La Dra. Malvina Aparicio, docente de la Escuela de Lenguas Modernas, presenta algunas reflexiones personales sobre la literatura y el rol del padre ¿Cuál es el rol del padre en la literatura? Pregunta ambigua si las hay. Mi papá hacía ingentes esfuerzos para conseguirme libros, intentó (en vano) ocultarme algunos. Nunca lo logró, pero no por eso dejaba de intentarlo; libros como La Hora 25 sobre los horrores («sexuaaales», como diría Homero Simpson) en la Italia de la Segunda Guerra Mundial. Un día me «agarraron» trepada a un ropero leyéndolo... Mi padre reaccionó fustigando a mi madre por el lugar donde lo había escondido: «¿No sabías q ella lo iba a encontrar ahí?». Mi madre se reía; nunca pude terminarlo. También relativo a mi padre y la literatura, su interrogatorio sobre «qué tan malo era el padre de Kafka». Yo ya era veinteañera, adoraba a Kafka, le respondí «Muy». Sabía que él se preguntaba si él mismo sería tan manipulador como el padre de Kafka... me gustó dejarlo sufriendo.  Pero un padre realmente malo de la literatura, para mí, fue el padre de Marcel Proust que, intentando hacer de él un «hombre», no le permitía a la madre ir a la noche a darle su beso antes de dormir, temía que «lo afeminara», y el pobre chico se quedaba horas esperándola, languideciendo de pena. Marcel, como todos los escritores, supo vengarse debidamente y lo consignó en su “A la busca del tiempo perdido”. Al menos mi papá no se interponía  entre mi madre y yo, ¡no trató de hacer un «hombre» de mí! 

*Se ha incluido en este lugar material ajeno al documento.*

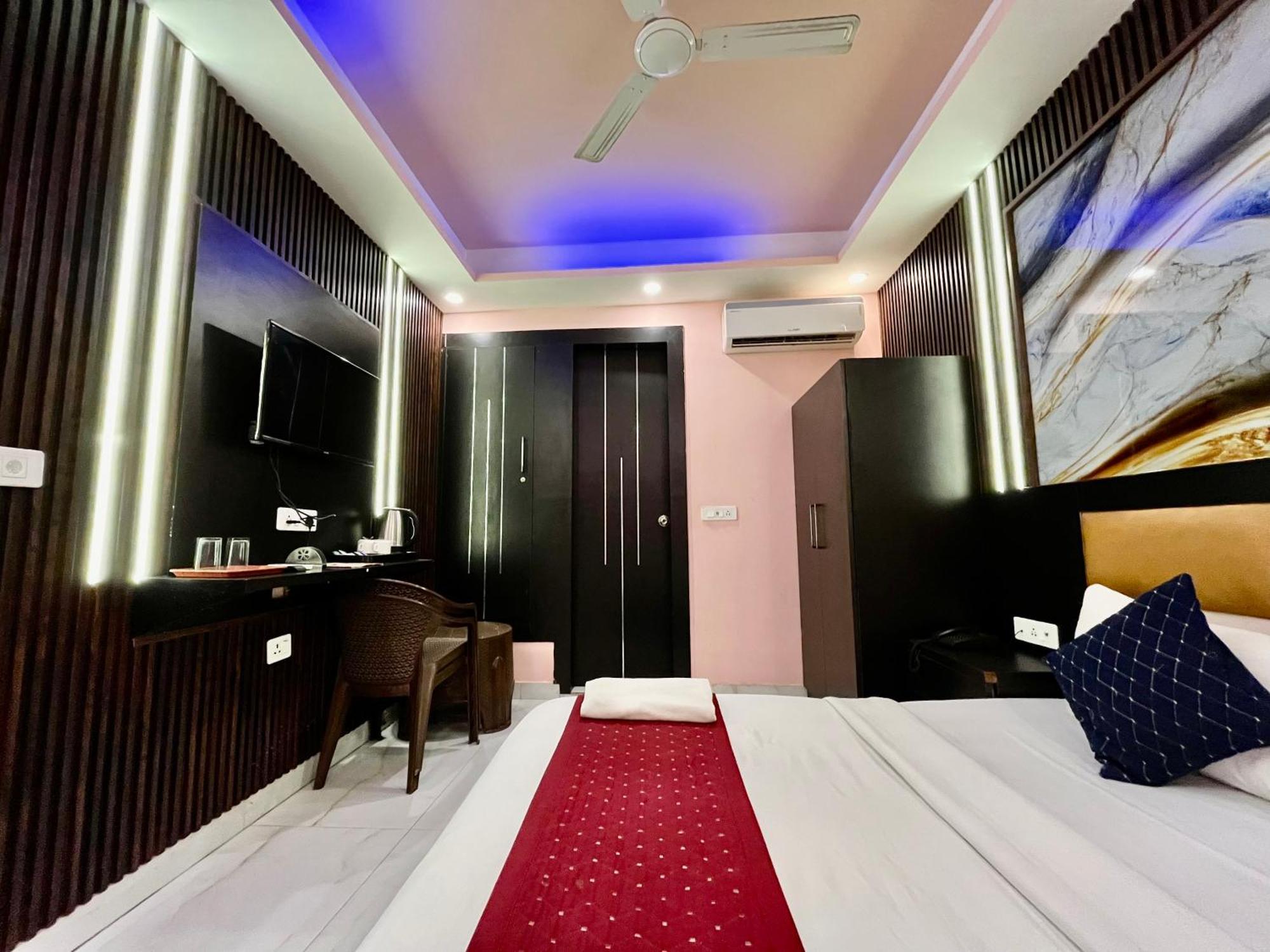 Jupiter Plaza Delhi Airport Hotell New Delhi Eksteriør bilde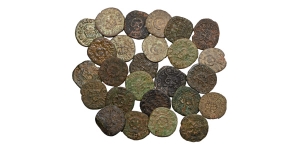 Group of Twenty Six [26] CU Rose Farthings.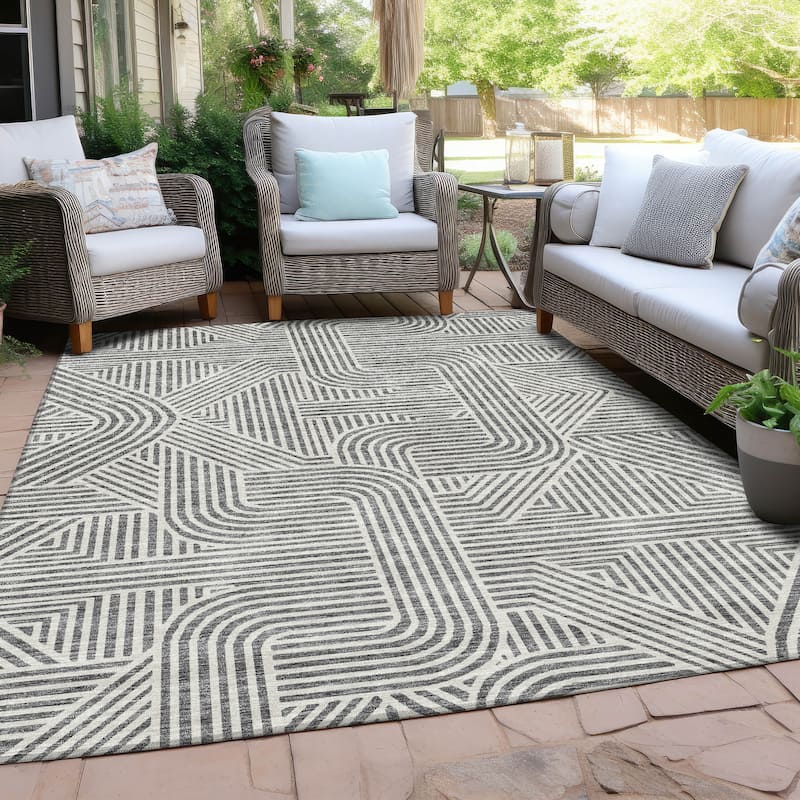 Machine Washable Indoor/ Outdoor Chantille Contemporary Geo Rug - Gray - 2'6" x 3'10"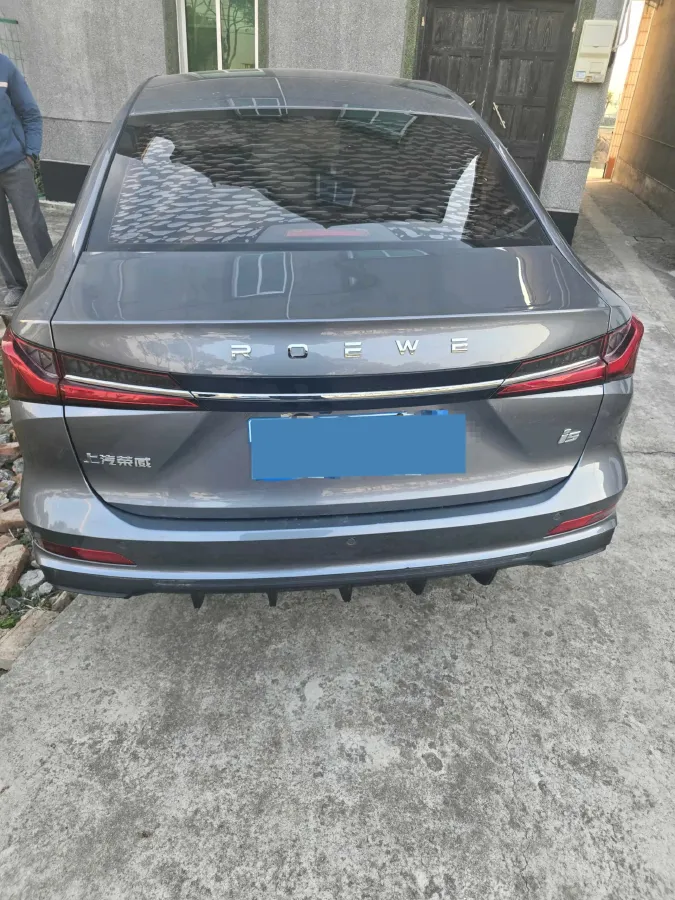 2023 Roewe i5 1.5L 129HP L4 5MT,autocango,china used car exporter,china ev exporter,chinese used car exporter,chinese used ev exporter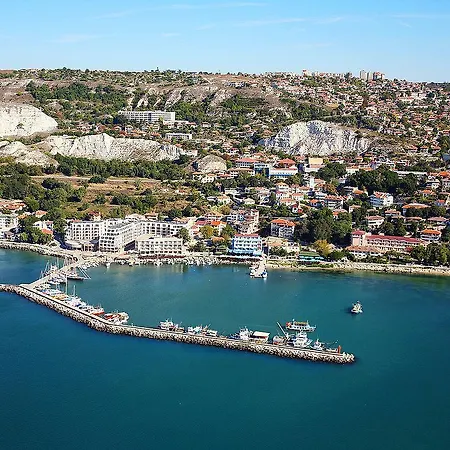 Diamond Hotell Baltjik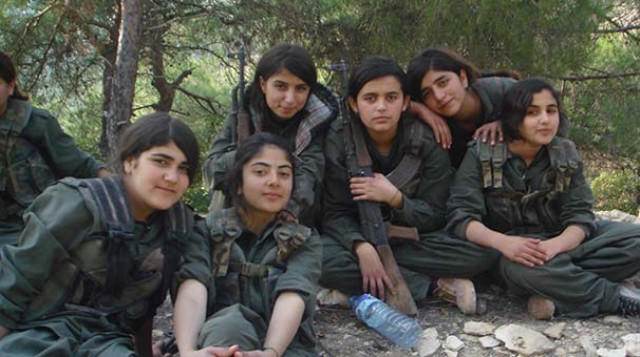 12-13 yaşlı qızlar hərbi formada,  əllərində silah - FOTO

El «padre» es un personaje usado en la literatura. Hay muchos padres en Shakespeare, por ejemplo. En mi obra favorita, Rey Lear, hay dos padres notables. El rey mencionado y su vasallo Gloster. El rey quiere jubilarse y repartir su reino en tres partes según el grado de amor testimoniado por sus tres hijas. Las dos mayores lo detestan, pero tienen una retórica amorosa convincente, reciben su premio; la tercera, la favorita, entiende que el amor no se declama y se lo hace saber. El rey, furioso,  la deshereda y reparte su porción entre las otras dos. Luego va a instalarse con la mayor, quien comienza a imponerle reglas, como reina que es. Al padre no le agrada la actitud y se marcha con la segunda hija, que, alertada por la primera, procede de la misma manera. El rey termina errando en medio de una tempestad por lugares inhóspitos, meditando sobre la ingratitud de sus hijas y recordando su propia estupidez hacia la que verdaderamente lo amaba al confrontarlo con la verdad. En esos lugares se tropieza con su vasallo Gloster, quien era padre de dos varones: engañado por el menor, su hijo bastardo, que había calumniado al hijo mayor para hacerse de sus bienes, también lo había desheredado.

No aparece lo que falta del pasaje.